Equestrians are a special breed of people. We’re strong, goal oriented and determined. Heck, there’s even a colloquialism about us, “if you fall off the horse, get right back on.” Because that’s just what we do.
However, most equestrians have had their share of unsuccessful rides or training sessions. First things first, know that we’ve all been there. When things are a bit rocky and you're down in the dumps, it's a good time to refresh your ride - to help you see what's not working and why, and to help you and your horse relax and get your mind off what's causing friction in the ring.
It’s important to have eyes on the ground as there are many things that you may not realize you’re doing/is happening that can result in a bad habit for you or your horse hindering your performance and training progress.
Here’s a few things that will help refresh your ride:
Video your lessons.
Once you’ve discussed your troubles with your trainer, have someone video your lessons. I’m not talking about a professional videographer. A simple cell phone video from your barn friends, significant other or parent will suffice - even if they only record certain elements of each lesson where you are struggling. It’s amazing what seeing yourself on video can do; believe me, I know!
I had problems getting a complete right to left lead change on my lease horse when I lived in Georgia. My trainer told me that I collapsed my body to the left putting the horse off balance preventing him from doing a proper change. I couldn’t feel myself doing that while in the saddle, but when I was recorded during a lead change it was obvious, and I mean ob-vi-ous!

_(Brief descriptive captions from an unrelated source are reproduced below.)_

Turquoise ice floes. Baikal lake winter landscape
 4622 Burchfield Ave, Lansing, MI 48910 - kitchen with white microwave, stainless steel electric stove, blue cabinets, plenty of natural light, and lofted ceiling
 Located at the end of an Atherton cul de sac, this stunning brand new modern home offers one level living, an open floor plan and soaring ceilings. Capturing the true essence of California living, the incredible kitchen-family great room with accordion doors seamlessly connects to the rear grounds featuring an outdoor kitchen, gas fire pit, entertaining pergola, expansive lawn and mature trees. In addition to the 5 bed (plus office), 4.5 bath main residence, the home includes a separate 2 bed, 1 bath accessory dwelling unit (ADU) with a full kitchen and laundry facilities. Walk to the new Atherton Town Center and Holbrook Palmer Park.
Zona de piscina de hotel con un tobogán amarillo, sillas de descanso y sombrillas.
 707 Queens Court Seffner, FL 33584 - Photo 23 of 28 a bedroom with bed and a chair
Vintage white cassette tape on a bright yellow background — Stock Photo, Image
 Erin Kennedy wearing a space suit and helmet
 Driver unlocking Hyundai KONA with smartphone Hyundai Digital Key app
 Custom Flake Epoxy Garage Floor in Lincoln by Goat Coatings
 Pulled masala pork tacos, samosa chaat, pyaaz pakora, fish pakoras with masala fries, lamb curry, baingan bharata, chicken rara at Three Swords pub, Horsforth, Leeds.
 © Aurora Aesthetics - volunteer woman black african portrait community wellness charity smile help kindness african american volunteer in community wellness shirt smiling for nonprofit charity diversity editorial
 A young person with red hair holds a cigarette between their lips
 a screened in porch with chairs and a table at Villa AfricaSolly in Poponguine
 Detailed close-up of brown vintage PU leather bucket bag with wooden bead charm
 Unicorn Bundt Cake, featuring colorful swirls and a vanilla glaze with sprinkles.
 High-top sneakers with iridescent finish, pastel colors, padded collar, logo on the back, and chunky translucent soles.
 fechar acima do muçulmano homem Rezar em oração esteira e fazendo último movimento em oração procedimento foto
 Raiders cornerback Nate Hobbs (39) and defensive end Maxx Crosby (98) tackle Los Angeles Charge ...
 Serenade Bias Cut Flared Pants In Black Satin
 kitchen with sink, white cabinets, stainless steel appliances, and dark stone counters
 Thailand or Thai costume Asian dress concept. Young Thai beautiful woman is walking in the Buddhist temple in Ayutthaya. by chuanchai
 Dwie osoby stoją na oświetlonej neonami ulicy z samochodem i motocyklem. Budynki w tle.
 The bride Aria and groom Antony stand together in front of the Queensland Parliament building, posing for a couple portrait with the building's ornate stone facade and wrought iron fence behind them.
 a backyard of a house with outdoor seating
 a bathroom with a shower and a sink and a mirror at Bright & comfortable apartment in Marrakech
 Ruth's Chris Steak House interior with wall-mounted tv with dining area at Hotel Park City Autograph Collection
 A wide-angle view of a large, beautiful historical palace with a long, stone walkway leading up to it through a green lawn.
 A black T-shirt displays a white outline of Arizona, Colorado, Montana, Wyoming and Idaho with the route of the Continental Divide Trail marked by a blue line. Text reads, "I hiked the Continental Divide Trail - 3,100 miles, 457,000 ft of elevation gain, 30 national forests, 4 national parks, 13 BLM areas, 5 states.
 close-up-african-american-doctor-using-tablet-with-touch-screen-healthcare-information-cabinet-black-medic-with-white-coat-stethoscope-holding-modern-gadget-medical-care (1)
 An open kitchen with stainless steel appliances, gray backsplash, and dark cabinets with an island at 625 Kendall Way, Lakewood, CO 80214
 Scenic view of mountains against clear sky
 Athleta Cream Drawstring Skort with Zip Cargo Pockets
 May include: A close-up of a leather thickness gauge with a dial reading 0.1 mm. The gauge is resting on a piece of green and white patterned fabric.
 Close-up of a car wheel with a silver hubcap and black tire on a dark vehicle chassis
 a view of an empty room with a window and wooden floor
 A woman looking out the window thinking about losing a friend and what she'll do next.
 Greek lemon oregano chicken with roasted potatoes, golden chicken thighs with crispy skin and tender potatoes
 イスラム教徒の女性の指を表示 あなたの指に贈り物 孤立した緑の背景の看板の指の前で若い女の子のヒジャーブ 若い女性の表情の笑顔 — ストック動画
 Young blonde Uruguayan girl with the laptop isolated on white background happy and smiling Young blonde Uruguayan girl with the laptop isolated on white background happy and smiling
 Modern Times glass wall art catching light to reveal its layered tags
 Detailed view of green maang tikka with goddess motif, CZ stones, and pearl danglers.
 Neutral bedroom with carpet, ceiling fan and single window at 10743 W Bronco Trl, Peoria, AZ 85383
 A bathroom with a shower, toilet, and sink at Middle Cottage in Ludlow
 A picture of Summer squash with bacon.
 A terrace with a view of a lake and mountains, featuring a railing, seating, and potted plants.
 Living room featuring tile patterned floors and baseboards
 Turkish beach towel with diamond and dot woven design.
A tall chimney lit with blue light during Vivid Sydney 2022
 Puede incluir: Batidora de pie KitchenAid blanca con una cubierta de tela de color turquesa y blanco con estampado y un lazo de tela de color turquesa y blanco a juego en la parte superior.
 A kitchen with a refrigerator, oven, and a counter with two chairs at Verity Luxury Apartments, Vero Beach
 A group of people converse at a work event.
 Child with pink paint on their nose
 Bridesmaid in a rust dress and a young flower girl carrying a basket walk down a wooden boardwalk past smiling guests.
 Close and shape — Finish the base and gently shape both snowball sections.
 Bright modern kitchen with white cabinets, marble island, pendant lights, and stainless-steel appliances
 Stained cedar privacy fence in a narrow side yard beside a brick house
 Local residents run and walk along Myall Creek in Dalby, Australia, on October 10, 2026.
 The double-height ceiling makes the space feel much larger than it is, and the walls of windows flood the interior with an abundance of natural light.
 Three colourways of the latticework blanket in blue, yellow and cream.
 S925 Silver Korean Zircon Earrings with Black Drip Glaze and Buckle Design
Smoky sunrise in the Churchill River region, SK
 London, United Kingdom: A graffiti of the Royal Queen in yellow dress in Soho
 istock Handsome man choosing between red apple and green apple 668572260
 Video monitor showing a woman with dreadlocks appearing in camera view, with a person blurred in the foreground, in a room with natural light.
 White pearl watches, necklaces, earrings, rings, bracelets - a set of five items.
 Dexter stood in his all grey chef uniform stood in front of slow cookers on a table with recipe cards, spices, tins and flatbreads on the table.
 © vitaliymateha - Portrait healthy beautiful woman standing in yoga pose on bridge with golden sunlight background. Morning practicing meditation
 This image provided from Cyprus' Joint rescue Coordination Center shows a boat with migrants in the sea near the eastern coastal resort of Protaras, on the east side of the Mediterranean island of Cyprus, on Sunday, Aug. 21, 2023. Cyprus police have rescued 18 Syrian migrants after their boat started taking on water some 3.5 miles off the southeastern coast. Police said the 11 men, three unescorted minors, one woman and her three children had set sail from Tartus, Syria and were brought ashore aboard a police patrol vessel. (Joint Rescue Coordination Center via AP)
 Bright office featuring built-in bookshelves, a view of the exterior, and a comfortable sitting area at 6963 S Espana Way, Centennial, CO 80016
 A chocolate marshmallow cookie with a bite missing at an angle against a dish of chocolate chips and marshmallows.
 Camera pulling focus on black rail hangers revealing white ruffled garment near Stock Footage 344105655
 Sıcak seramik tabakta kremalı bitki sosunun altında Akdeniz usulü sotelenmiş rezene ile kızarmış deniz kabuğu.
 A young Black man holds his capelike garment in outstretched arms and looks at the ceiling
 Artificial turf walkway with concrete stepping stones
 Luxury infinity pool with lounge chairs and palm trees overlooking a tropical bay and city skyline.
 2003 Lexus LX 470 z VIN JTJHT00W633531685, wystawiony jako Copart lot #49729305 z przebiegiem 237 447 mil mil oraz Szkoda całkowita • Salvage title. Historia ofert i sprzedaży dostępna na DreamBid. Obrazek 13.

I still occasionally lean to the left, but now that I’m more aware of that tendency, especially changing rein from right to left, I work harder to maintain a consistent upper body position.
Go back to basics.
Start back with the basics. Take it one step at a time breaking it down to fundamentals. This will not only help you regain your confidence, but it will also help your horse if he has psyched himself out and is now nervous when asked to perform. Be sure to always end on a good note and don’t push yourself or your horse too far too fast.
With my lead change issue, I went back to simple changes across the diagonal. Right lead canter through the diagonal, at the center of the ring transition to trot making sure he and I were balanced, then depart left lead canter. Only after a while of re-training my body to stay balanced through the transitions - and watching video clip after video clip - did I go back to executing the flying change.
Don’t see this a regression in training, think of it more as a re-schooling of the fundamentals that are needed at every level.
Get out of the ring.
Go on a nice hack or trail ride with your barn friends. Getting out of the ring and away from the stress and pressures of performance can help you enjoy your horse. It’s beneficial for both riders and horses to get this mental break from time to time. Riding isn’t all about competing and performance-based results. It’s about a connection you have with your horse. A connection that when built on a good, strong foundation provides the necessary building blocks for a successful future.
What do you do to help refresh your rides?
*This article is not meant as training advice, merely suggestions based on what has worked with me and my riding. Always discuss riding/training/behavioral issues with your trainer, veterinarian or other equine professionals.